Ten years have passed since Dawit Isaak’s case became a subject for the Swedish judicial system. But so far, Sweden has refused to initiate an investigation of crimes against humanity, writes Björn Tunbäck, board member of Reporters Without Borders.

-Don’t you have an independent judiciary in Sweden?

I was asked this question many years ago in The Gambia, where the African Human Rights Commission was meeting. One of the continent’s leading lawyers in the field looked up in surprise after reading a decision by Sweden’s Prosecutor General. That was his response to a complaint from Dawit Isaak’s legal team – Jesús Alcalá, Percy Bratt and Reporters Without Borders’ then legal director Prisca Orsonneau. Ten years ago, they filed a complaint against Eritrean President Isaias Afwerki, his advisers and several of his ministers for, among other things, crimes against humanity in the case of Dawit Isaak.

They were supported by the law against genocide and crimes against humanity that the Riksdag had just passed.

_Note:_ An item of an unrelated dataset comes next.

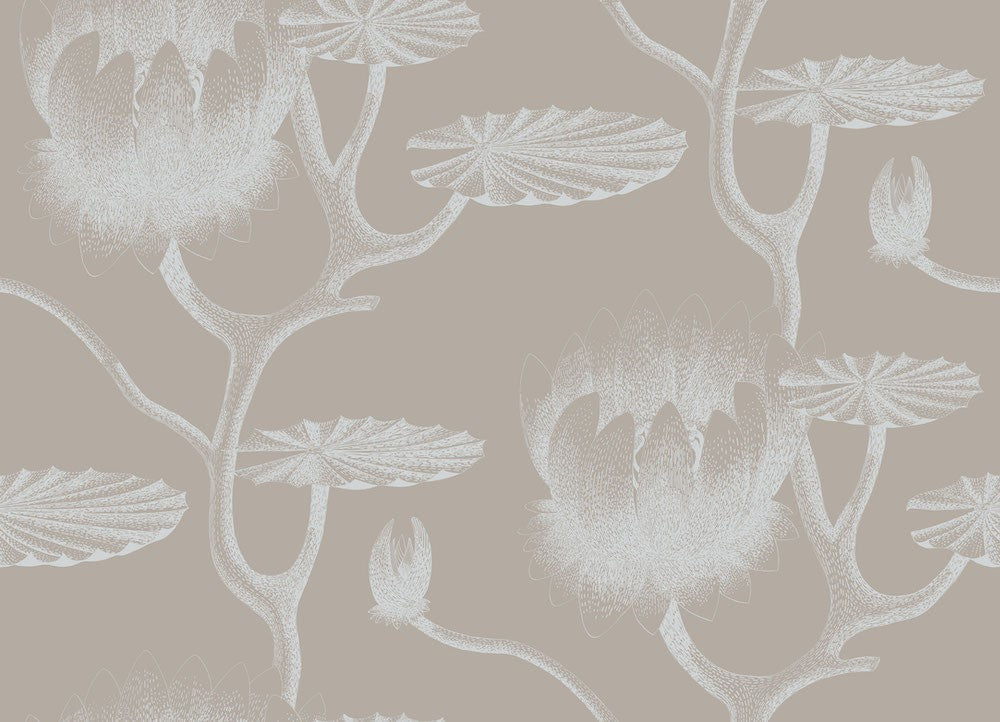 Cole & Son Lily Wallpaper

At that time, it had been 13 years since the journalist and author Dawit Isaak was arrested in Eritrea. He is being held in prison without charge, without seeing his family, without access to an attorney, in solitary confinement, and without the regime providing information where he is imprisoned. This constitutes a crime against humanity.

This was also exactly what the Prosecutor General (RÅ) suspected when he responded to the complaint. In his several pages long decision, he also said that the suspicions could be investigated by the Swedish police.

That was not what made the African human rights expert react – it was the [SPG’s] conclusion.

In it, the SPG explains that he consulted the Swedish Ministry of Foreign Affairs and concluded that a preliminary investigation would disrupt the Foreign Ministry’s negotiations to secure Dawit’s release. Therefore, it was best not to investigate the suspicions of a crime, according to the SPG.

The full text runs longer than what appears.